One of the issues we can’t seem to get control of is the returning of some of our ‘stuff’–if everything was returned that was overdue, our quarantine area would be overflowing. (But that would be a happy problem).  One area of deep concern is our circulating local history books–some cannot be replaced, so once checked out and not returned, the only way to use these books is to read the reference copies in the library.  We’d really like the books back, and currently we are not charging overdue fines–there are replacement bills on record, but if the book is returned, we will forgive the bill, at least through the end of May. Start the season with a clean slate and return those library items!

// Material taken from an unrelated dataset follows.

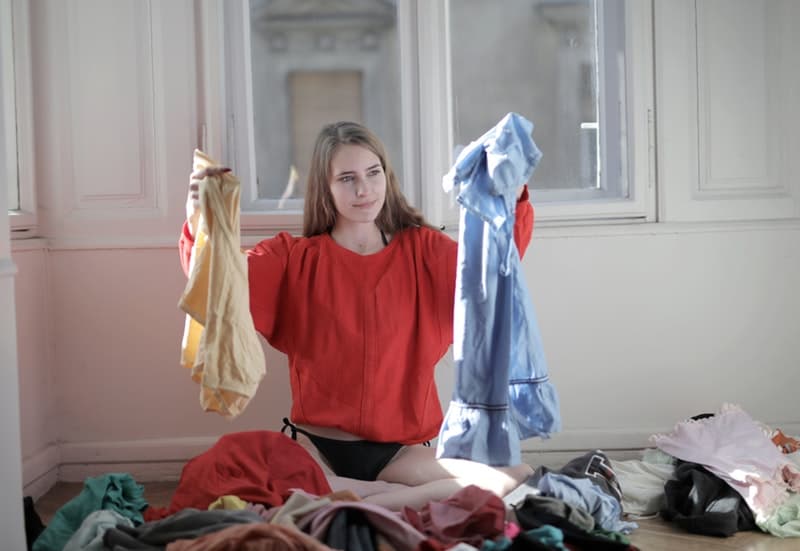 a woman holding clothes that need to be cleaned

New hardback fiction coming out this week and next include David Baldacci’s Gambling Man, with the return of WWII veteran Aloysius Archer, Karen White moves between war-torn London and the present in Last Night in London, John Grisham leaves the legal court and moves to the basketball court in Sooley, following the struggle and triumphs of a young South Sudanese who gets the opportunity to come to the US to play collegiate basketball, but has to make sacrifices and tough decisions for a chance at success. of course, it is time for another Danielle Steel novel, this time titled Finding Ashley, where estranged sisters have a chance of reconciliation. Karen Kingsbury spins a yarn of love, inspiration and a healthy dose of suspense in her latest A Distant Shore.  John Sanford continues the prey series with Ocean Prey, and Marc Cameron continues his Alaskan U.S. Marshall Arliss Cutter suspense series in Bone Rattle. (Marc writes some of the Tom Clancy novels as well)

Some nonfiction with local interest that might interest you includes Blood and Treasure: Daniel Boone and the Fight for America’s First Frontier by Bob Drury and Tom Clavin, Holding Back the River: the Struggle Against Nature on America’s Waterways by Tyler Kelly discusses the importance and mythology of the Mississippi, Missouri and Ohio Rivers and the current condition they are in.

As always, we just mention a few titles here—we add to the collection constantly. We don’t mention by name all the paperbacks that come in—cozy mysteries, westerns, romances, and suspense titles get added to the racks frequently, and the best way to find them is stop in and browse.